EXERCISE DIRECTIONS: Transcribe the lines exactly, beginning with the one that contains "Pirate Cat With" and ending with the final line of the records. Do not transcribe pictures.

☆ ☆ ☆

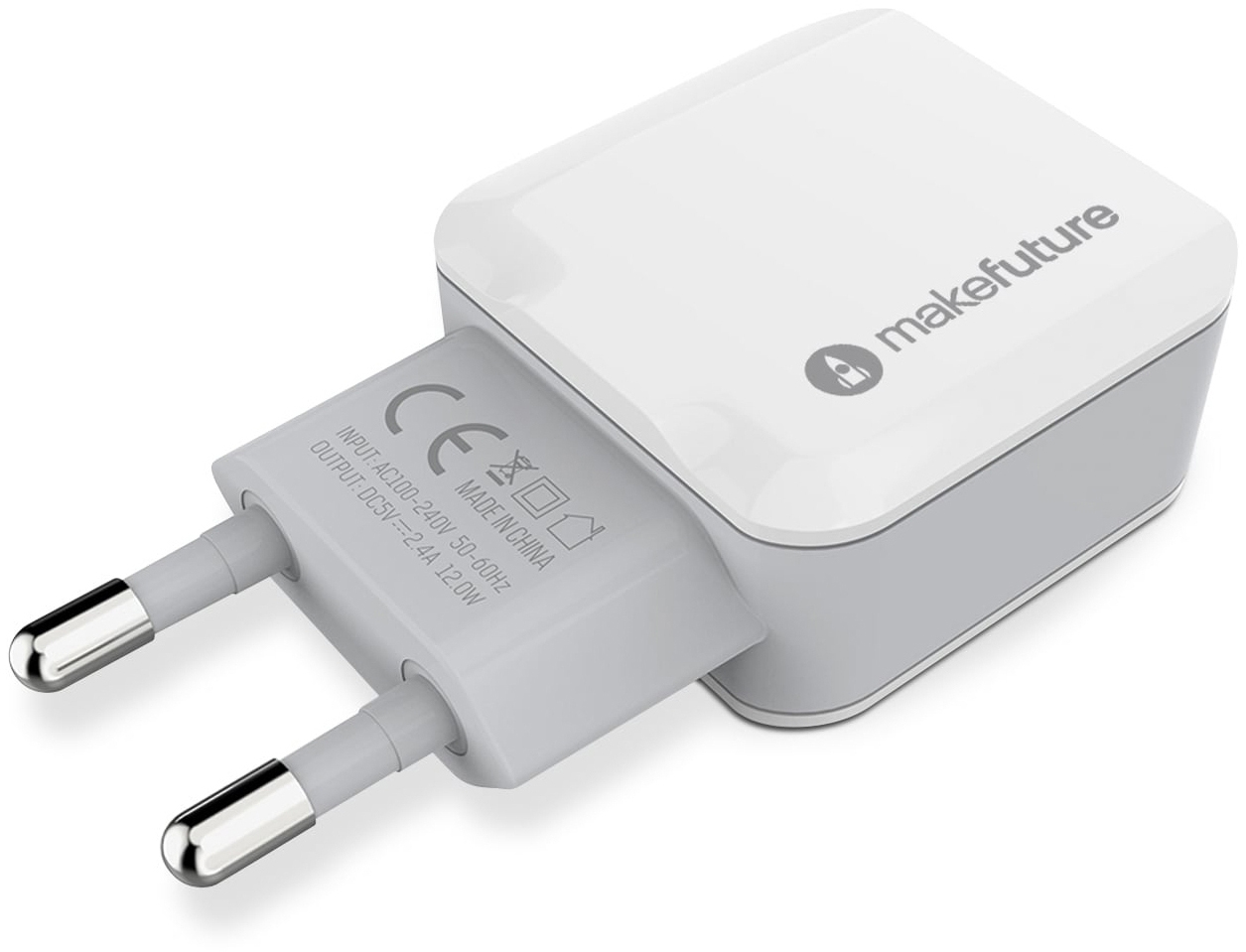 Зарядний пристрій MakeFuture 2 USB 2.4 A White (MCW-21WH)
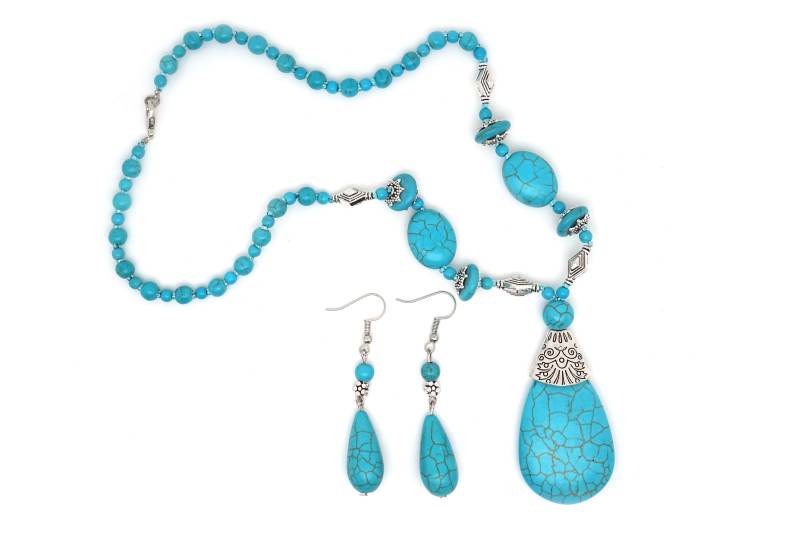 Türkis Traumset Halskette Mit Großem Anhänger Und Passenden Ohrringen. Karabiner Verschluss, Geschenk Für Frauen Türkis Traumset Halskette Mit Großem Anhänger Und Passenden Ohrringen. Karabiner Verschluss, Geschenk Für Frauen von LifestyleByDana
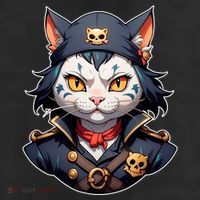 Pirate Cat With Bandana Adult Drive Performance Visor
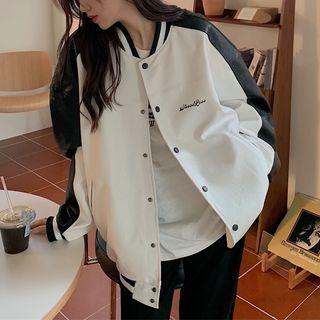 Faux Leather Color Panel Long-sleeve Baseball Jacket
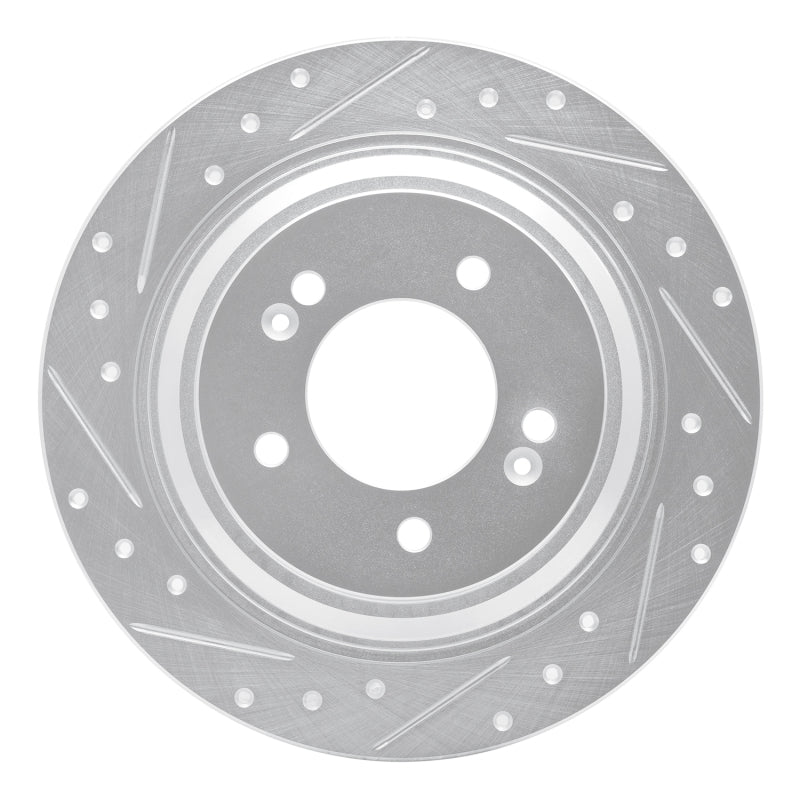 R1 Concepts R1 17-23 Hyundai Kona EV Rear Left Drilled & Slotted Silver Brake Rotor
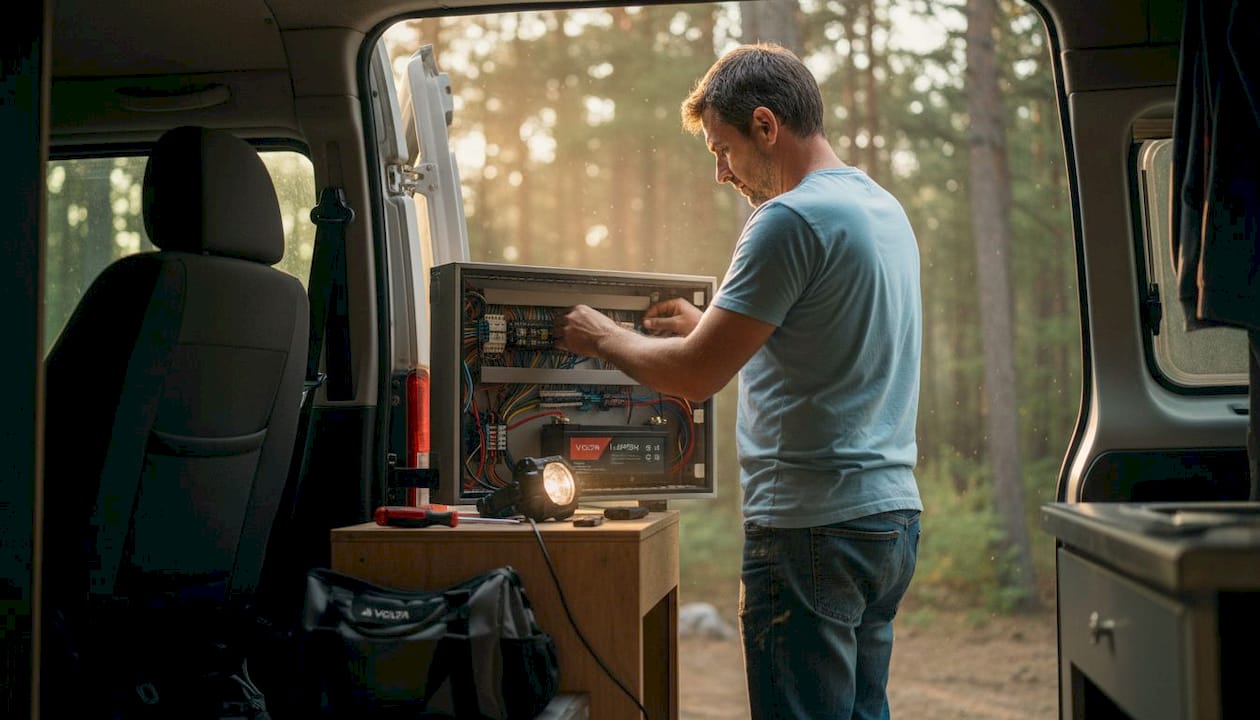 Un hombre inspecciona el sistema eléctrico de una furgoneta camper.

☆ ☆ ☆

RESPONSE TO THIS TASK:
 Pirate Cat With Bandana Adult Drive Performance Visor
 Faux Leather Color Panel Long-sleeve Baseball Jacket
 R1 Concepts R1 17-23 Hyundai Kona EV Rear Left Drilled & Slotted Silver Brake Rotor
 Un hombre inspecciona el sistema eléctrico de una furgoneta camper.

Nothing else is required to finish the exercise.